Strong freight rates and resilient container shipping volumes for most of last year delivered healthy profits to the AP Møller-Maersk group, while its emerging logistics arm also began to make progress.
The company posted full-year revenue of $55.5bn, an 8.6% increase on 2023, while its EBIT nearly doubled, to reach $6.5bn, representing an EBIT margin of 11.5%, compared with 2023’s 7.8% and EBIT of $3.9bn.
Once again, its ocean liner business dominated group returns – freight shipping generated just under $37.4bn, with an EBIT of $4.7bn, compared with the $2.2bn in 2023, reflecting “the significant increases in freight rates, together with strong volumes in 2024”.
Volume growth, however, was flatter than the market, 3.6% for the full year and reaching 12.3m teu, compared with an average market growth of around 5% last year.
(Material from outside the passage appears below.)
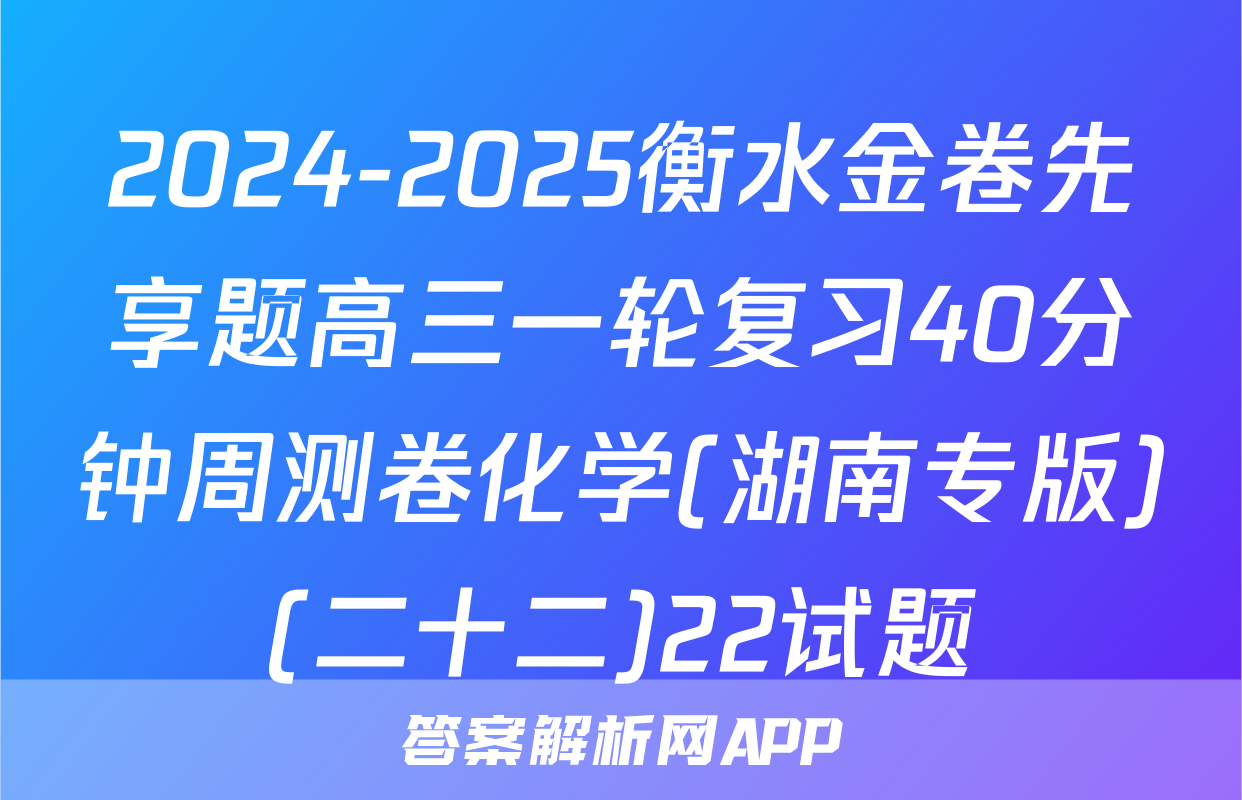 2024-2025衡水金卷先享题高三一轮复习40分钟周测卷化学(湖南专版)(二十二)22试题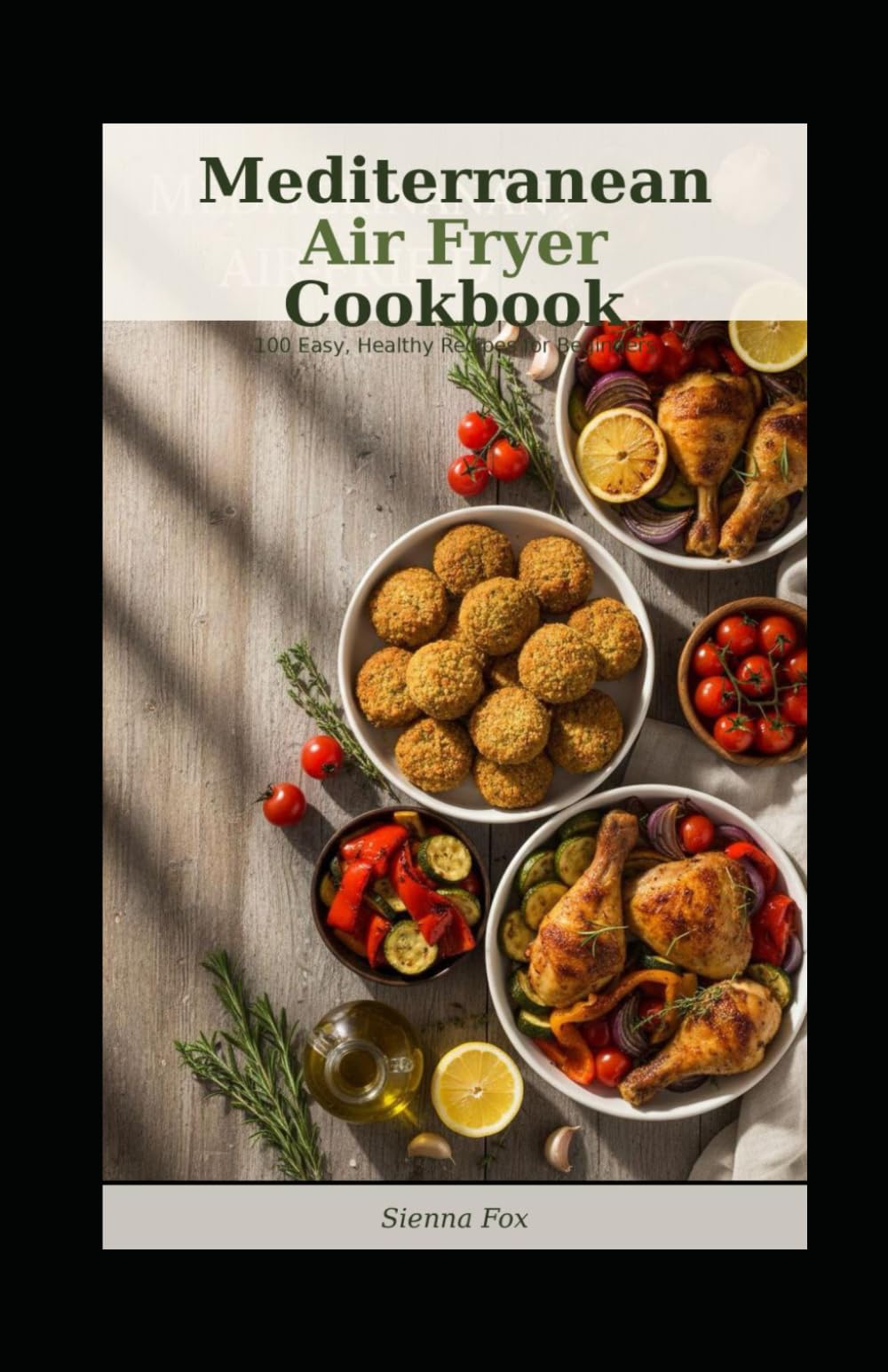 Mediterranean Air Fryer Cookbook: 100 Easy, Healthy Recipes for Beginners -Crispy, Flavorful Meals with Less Oil - From Breakfast to Dessert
Volume growth in the fourth quarter slowed to just 0.8%, although over the past 12 months Maersk vessels have been almost consistently full, said CEO Vincent Clerc.
“While our 2024 volume growth was below our estimated global container market growth, it’s important to note that our vessels have been sailing at full capacity throughout the year, with vessel utilisation at an excellent 96% for the full year,” he added.
Despite a limited newbuilding orderbook in comparison with some of its largest competitors , the company continued to insist it would maintain its fleet capacity at around 4.4m teu, and that volume growth in 2025 would be captured by the “greater asset efficiencies offered by the Gemini network”, Mr Clerc said.
“It’s true that MSC and CMA [CGM] have a very ambitious investment programme in the new fleet. It’s true also that we have been very clear on what we want to do with ocean shipping, which is to stay where we are, because we don’t see any correlation between size and increased margin,” he said.
He added that future M&A activity would be focused on the group’s non-shipping operations.
“When the time comes, and we feel that we have the right solidity in the platform, from a profitability, from a control, and from a tech perspective, we will see when it’s time to re-engage on M&A, but that will be on the logistics side, or the terminal side, but it won’t be by doing something big in shipping, which would close a gap but has no impact on profitability,” he explained.
He added that the Gemini Cooperation was expected to deliver some $500m in costs savings to each carrier per year, with Maersk expecting a $250m saving this year as, following the current phase-in period, the Gemini network will swing into full operation from June.
Meanwhile, parts of its Logistics division – the key plank in its container integrator strategy – continued to struggle last year, despite logistics revenue being up $1bn on 2023, to reach $14.9bn, while EBIT came in at $538m, compared with $446m the year before.
Mr Clerc explained: “Despite increased revenue and improved margins in warehousing, lower results in operational one-off costs in last-mile and ground freight contributed to an EBITDA margin decline to -5.5% for the fourth quarter.
“Revenue also increased in our largest product family, transported by Maersk, where solid volume growth in most of our products, together with the higher rates in LCL and Air, resulted in a 9.9% year-on-year increase, to a total of $1.8bn,” Mr Clerc said.
Its port operating subsidiary, APM Terminals, had another bumper year, however, with the fourth quarter described as the best in its history.
Full-year volumes at APMT facilities were at 13.1m, and its full-year revenue grew 16%, to reach $4.5bn, “driven by high volume in North America, combined with inflation-offsetting tariff increases, a positive customer and product mix, and higher storage revenue from localised congestion”.